Our rundown on the most interesting and market-impacting stories this week.

On Wednesday afternoon (GMT+3), the US Consumer Price Index (CPI) figures were released, showing that consumer prices grew by 8.3% year-on-year, more than the forecast of 8.1% but less than March’s figure of 8.5%. Meanwhile, core increased 0.6% month-on-month, higher than analyst estimates of 0.4% and almost double the previous month’s figure of 0.3%.

The CPI is a key measure of inflation, and the latest figures aren’t so straightforward. Contrary to what some analysts forecasted previously, inflation has not peaked, although the rate of annual inflation has slowed. However, the core CPI figures CPI – which exclude volatile goods like oil and food – paint a slightly different picture. Consumer prices have spiked, but some of the blow has been softened by oil prices cooling down since their peak volatility in March, due to the Russia-Ukraine conflict.

Post-Market

While annual inflation has been moderated, the markets’ reaction to the high-than-expected CPI figures has been skittish. US equities continue their downward slide, with the Dow losing 1.02%, the S&P500 dropping 1.65%, and the tech-heavy Nasdaq dropping a hefty 3.18%. Crypto, which looks to be increasingly correlated to the stock market, have also been sinking, with Bitcoin dropping below $29,000.

Predictably, investors are rotating in the safe-haven dollar, with the US dollar index climbing for the sixth straight day and jumping above 104 after the release of the CPI data. Treasury yields jumped too and is currently around 2.906%.

Meanwhile, gold prices dipped briefly at the news on Wednesday, but quickly rebounded above the $1850 mark and has been trading steadily since.

“Overall, gold hasn’t been a bad investment. It’s been holding a fairly tight range, I’d much rather own gold than Nasdaq, or Bitcoin,” said Phillip Streible, chief market strategist at Blue Line Futures in Chicago.

Due to the mixed inflation data, investors are now closely watching Fed signals on upcoming rate hikes. A 50-point hike, like the last time, is expected. The notably hawkish St. Louis Fed President James Bullard has said that, while “Inflation is broader and more persistent than many have thought”, a 75-point hike is not his “base case”. Previously, Fed chair Jerome Powell has also pushed back on a 75-point hike.

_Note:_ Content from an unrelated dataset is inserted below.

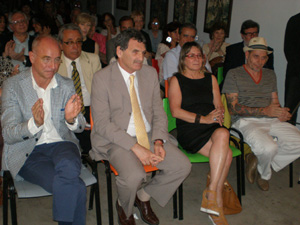 Santiago Camba, Claudio Abruj, Julia Hernando y Javier Muñiz, en el acto de presentación.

Investors are now advised to pay close attention to the upcoming month-on-month figures for the Producer Price Index (PPI), which will be released on Thursday, 12 May, at 15:30 (GMT+3). Like the CPI, the PPI is a leading measure of inflation, but measures costs from the seller’s point of view and does not include imports.

As a friendly reminder, do keep an eye on market changes, control your positions, and manage your risk well.